The DARPA TIPSTER project

0
619

This note is the first of four papers in this issue describing the ongoing work connected with the DARPA TIPSTER Project. The note provides an overview of the project, and the next papers by three of the contractors involved in the project provide some details on the systems involved, and some of the initial results.The TIPSTER project is sponsored by the Software and Intelligent Systems Technology Office of the Defense Advanced Research Projects Agency (DARPA/SISTO) in an effort to significantly advance the state of the art in effective document detection (information retrieval) and data extraction from large, real-world data collections. The first two-year phase of the program is concerned with the development of algorithms for document retrieval, document routing, and data extraction that are both domain and language independent. A call for proposals was made in June of 1990, and contracts for the six participating groups were let in the fall of 1991. Three meetings have been held so far, with the first results presented in September of 1992.There are two separate, but connected parts of TIPSTER. The first part of the project, document detection, is concerned with retrieving relevant documents” from very large (3 gigabyte) collections of documents, both in a routing environment, and in an adhoc retrieval environment.
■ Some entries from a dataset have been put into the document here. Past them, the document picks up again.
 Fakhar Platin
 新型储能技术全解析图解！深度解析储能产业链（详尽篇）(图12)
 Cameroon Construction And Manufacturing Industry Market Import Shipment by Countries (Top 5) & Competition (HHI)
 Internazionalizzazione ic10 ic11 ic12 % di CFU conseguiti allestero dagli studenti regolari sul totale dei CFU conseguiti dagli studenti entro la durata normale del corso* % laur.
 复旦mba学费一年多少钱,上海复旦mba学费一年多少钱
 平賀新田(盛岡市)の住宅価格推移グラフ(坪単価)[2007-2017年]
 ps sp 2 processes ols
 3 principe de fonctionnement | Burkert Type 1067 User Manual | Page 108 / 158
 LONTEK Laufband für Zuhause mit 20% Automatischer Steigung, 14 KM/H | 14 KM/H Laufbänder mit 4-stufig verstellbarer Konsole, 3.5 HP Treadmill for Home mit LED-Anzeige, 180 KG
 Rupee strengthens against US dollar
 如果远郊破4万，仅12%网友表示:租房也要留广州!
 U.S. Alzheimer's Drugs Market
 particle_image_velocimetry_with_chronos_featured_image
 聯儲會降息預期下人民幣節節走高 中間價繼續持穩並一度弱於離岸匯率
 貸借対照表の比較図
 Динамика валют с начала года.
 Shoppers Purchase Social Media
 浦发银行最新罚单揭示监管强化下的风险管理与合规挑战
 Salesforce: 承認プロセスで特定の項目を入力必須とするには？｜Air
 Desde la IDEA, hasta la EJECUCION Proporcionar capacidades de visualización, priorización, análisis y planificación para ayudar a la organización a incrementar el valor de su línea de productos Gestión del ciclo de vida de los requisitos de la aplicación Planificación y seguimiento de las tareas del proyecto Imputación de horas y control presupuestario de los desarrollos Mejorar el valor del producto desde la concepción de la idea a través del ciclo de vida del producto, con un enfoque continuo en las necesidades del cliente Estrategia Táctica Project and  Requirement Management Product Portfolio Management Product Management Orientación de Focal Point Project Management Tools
The routing environment is similar to the document filtering or profile searches currently done in libraries, where a query topic is constant, and the documents are viewed as the incoming stream of publications. The adhoc part of the project is similar to the standard search done against static collections.The second part of the TIPSTER project is concerned with data extraction. Here it is assumed that there is a much smaller set of documents, presumed to be mostly relevant to a topic, and the goal is to extract information to fill a database. This database could then be used for many applications, such as question-answering systems, report writing, or data analysis. The data extraction part of TIPSTER is being done by groups using natural language understanding techniques, and this part will not be described in this issue.